In my last post on Vitess we talked about why sharding gets hard as data volume grows. We showed that as traffic and total data size increases, the complexity of managing the backing database cluster also increases. Vitess was introduced as a solution to deal with these complexities. But Vitess actually does a lot more than this; in this post we will go over the main features of Vitess.
Feature Group 1: Improving MySQL
This section will address features in Vitess that help your MySQL instance(s) run better. These features do not relate to sharding or cluster management at all. In fact these features make Vitess useful, even for database deployments of a single node.

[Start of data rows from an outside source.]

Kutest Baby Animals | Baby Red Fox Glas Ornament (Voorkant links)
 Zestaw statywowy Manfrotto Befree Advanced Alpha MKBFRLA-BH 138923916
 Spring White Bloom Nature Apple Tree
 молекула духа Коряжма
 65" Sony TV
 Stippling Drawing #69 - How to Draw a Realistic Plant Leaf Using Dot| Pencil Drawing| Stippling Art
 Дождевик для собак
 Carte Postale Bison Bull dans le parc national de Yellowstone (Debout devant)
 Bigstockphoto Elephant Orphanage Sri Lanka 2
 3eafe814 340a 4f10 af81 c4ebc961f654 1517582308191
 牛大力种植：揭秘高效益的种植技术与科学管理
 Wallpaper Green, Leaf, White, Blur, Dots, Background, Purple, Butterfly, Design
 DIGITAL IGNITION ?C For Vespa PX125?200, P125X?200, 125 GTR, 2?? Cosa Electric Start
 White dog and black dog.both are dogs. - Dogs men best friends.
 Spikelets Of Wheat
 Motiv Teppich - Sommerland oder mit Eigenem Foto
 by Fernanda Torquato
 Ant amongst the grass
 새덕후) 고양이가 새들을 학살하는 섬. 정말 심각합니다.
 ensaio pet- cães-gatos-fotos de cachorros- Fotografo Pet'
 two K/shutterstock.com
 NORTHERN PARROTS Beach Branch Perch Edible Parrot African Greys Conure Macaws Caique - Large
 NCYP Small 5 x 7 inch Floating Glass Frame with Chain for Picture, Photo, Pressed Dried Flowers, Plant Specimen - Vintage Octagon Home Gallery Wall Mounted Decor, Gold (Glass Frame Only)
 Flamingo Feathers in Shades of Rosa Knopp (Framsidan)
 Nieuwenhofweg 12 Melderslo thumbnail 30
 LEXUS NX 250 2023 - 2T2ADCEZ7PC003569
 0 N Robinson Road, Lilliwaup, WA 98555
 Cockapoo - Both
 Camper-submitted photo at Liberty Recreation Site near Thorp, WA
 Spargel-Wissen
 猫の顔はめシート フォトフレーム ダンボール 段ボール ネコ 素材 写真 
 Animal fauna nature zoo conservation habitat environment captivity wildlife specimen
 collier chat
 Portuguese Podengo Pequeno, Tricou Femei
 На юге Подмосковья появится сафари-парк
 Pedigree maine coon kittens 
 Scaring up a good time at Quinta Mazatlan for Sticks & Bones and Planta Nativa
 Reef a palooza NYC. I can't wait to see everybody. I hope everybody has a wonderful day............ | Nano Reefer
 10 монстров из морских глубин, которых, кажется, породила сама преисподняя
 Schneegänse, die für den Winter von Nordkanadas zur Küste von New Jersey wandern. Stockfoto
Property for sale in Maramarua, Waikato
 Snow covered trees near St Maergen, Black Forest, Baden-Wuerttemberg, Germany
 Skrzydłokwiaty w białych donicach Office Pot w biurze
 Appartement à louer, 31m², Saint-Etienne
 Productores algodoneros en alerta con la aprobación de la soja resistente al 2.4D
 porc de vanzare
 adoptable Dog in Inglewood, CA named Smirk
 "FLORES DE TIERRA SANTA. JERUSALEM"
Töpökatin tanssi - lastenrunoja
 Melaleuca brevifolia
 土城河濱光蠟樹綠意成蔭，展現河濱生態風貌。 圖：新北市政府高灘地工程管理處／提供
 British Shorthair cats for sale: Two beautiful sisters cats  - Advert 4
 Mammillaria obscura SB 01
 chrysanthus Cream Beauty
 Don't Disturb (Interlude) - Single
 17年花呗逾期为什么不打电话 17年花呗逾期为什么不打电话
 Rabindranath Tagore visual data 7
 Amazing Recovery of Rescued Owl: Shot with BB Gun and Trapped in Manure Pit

In order to understand what connection pooling is, let’s look at an example of an application that does not use connection pooling. Imagine that you were building a website which enabled people to upload and download recipes. Lets imagine that you have a very simple API that looks as follows
Upload(recipe blob) (id, error)
Download(id uuid) (blob, error)
In order to implement this API, you store user data in MySQL. On each request you create a new database connection, you read or write to the database and then you close the connection. This will work fine at a small scale. But once your website starts to become the next big thing, you will realize that creating and tearing down a database connection for each request is very expensive. You will encounter memory issues due to the overhead associated with each connection and latency issues due to the round trip(s) it takes to establish a connection. So sadly your recipe website will not be the next big thing unless you come up with a better way to manage the database access.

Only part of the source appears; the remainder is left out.